A solução foi não reinventar a roda. Embora os personagens e os cenários de Street Fighter IV sejam trimensionais, a jogabilidade foi mantida totalmente em 2D. Mais que isso, e para o bem de todos, os comandos foram simplificados, os golpes são fáceis de encaixar, enfim, o jogo flui do primeiro momento em que você pega o controle. De cara estão disponíveis os doze personagens clássicos, mais os quatro lutadores novos. Ainda é possível liberar seis lutadores e, com algum esforço, Akuma, Gouken e o chefe final, Seth. Os gráficos, conforme prometido, são sensacionais: dos cenários aos modelos dos personagens, tudo é lindo e corre sem nenhum engasgo. Cada lutador tem dezenas de animações próprias, expressões faciais, cacoetes físicos, o nível dos detalhes é impressionante. A trilha-sonora é meio que uma versão moderna — e boa, no geral — do segundo jogo, com direito a momentos de grande nostalgia. Para os puristas, a Capcom deixou uma opção de diálogos em inglês ou japonês.

Claro que, num jogo como SFIV, os gráficos, a música, isso fica quase em segundo plano. O que importa, no fim, é a jogabilidade, os controles e o equilíbrio entre os personagens. Durante a divulgação, a Capcom fez um esforço tremendo para convencer que SFIV era destinado tanto ao público fanático quanto aos jogadores casuais. E na superfície ele é mesmo um jogo que se aprende em uns dez minutos, e você não precisa usar os combos mais complexos para ganhar uma luta, nada que uma boa sequência de rasteiras sujas não resolva. Até os ataques novos saem com facilidade, e com um pouco de prática já dá para incorporá-los às partidas. Nos controles, há umas poucas variações para todos os golpes, em contraste com o Street Fighter III, em que a lista de comandos parecia a tabela periódica. Alguns especiais mitológicos, como o pilão do Zangief, que eu me lembro de nunca ter conseguido emplacar, ficaram acessíveis ao resto de nós.

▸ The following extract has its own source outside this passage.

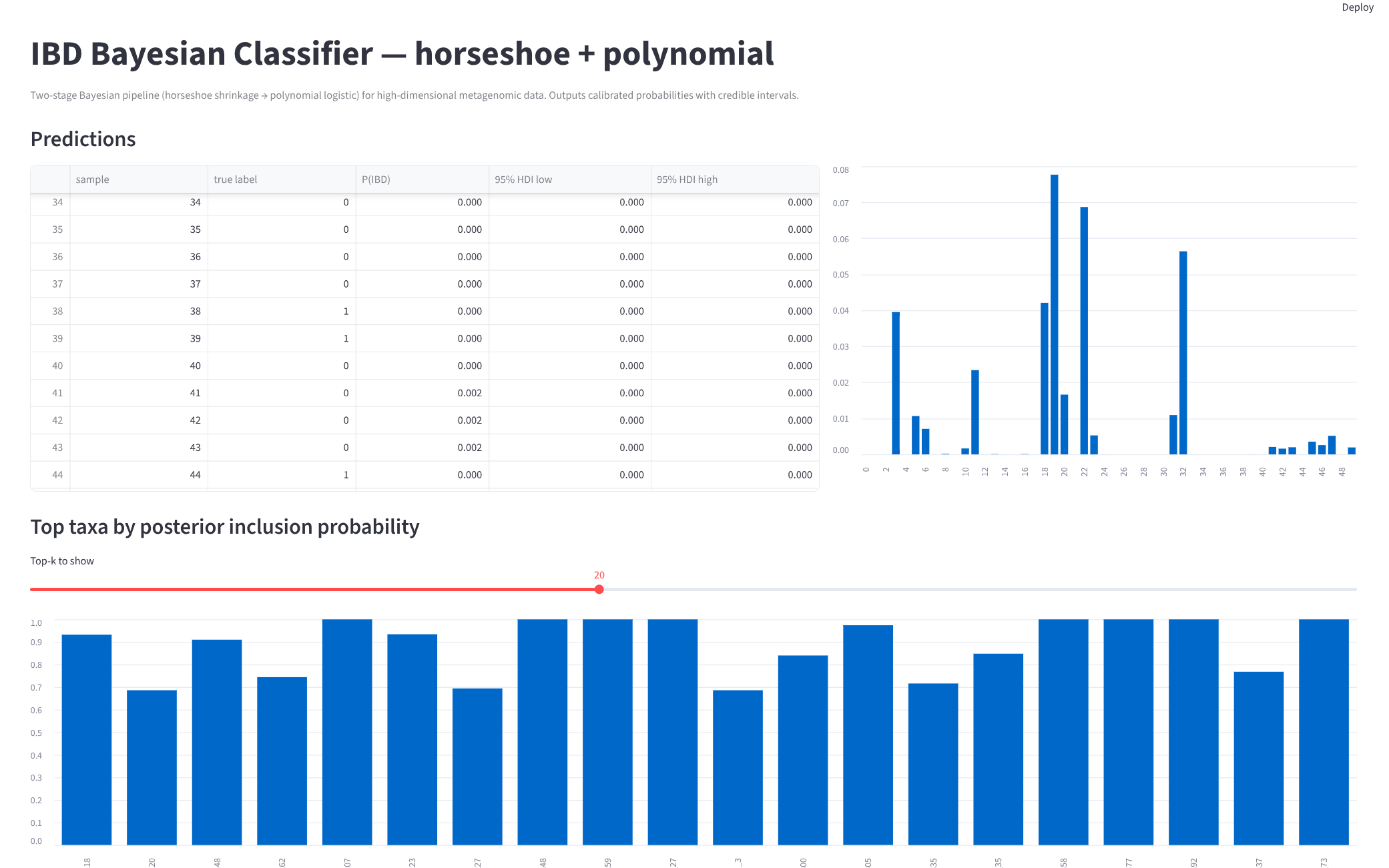 IBD Bayesian Pipeline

Mas Street Fighter sempre foi uma série difícil para o diabo, e esse quarto volume não é diferente. Começando pelo computador apelão, bandido, que tem uma idéia de nível médio de dificuldade muito diferente da minha. O chefe final, o tal Seth, é pura areia no olho, mesmo nos níveis mais fáceis. O homúnculo azul se vale de uma série de expedientes escusos: teleporta, dá pilão, shoryuken, sonic boom, em suma, é um grandessíssimo canalha, desses que te massacram sem possibilidade de resistência. E como o Street Fighter, apesar da superfície casual dessa edição, é no fundo um jogo voltado ao público especializado, há por trás de tudo combos e macetes dificílimos, que demandam comprometimento demais para uma pessoa normal. Existe um modo "trial", que supostamente ensinaria as sequências mais cabeludas, porém o tipo de precisão que se pede ao jogador não é desse mundo. No fim, o legal continua sendo jogar entre amigos, quando o desconhecimento generalizado desses truques não faz falta a ninguém.

Para isso a Capcom embutiu um modo online, onde se pode travar partidas amistosas ou entrar para um ranking geral. Sofri algumas boas derrotas humilhantes até cavar minha primeira vitória —com o Dhalsim, apelando naquele soco comprido —, mas é bem mais satisfatório do que competir com o computador ladrão. Mesmo no modo single player a Capcom tentou emular os fliperamas. Habilitando uma opção, é possível que qualquer pessoa que esteja online interrompa o seu jogo para um desafio, com direito a "A NEW FIGHTER" na tela e tudo. Na primeira vez que isso aconteceu, meio que de reflexo olhei para o lado, em busca daquele moleque irritante que jogava com o E. Honda e que acabou com a reputação do Netinho. Se ele não estava lá, é só porque a fila andou e os tempos são outros. Street Fighter IV é o melhor jogo de luta dessa geração, e talvez o melhor Street Fighter possível para os dias de hoje. Até que eles lancem duzentas sequências inúteis e acabem com tudo outra vez. Afinal, foram só dezessete anos entre um jogo e outro.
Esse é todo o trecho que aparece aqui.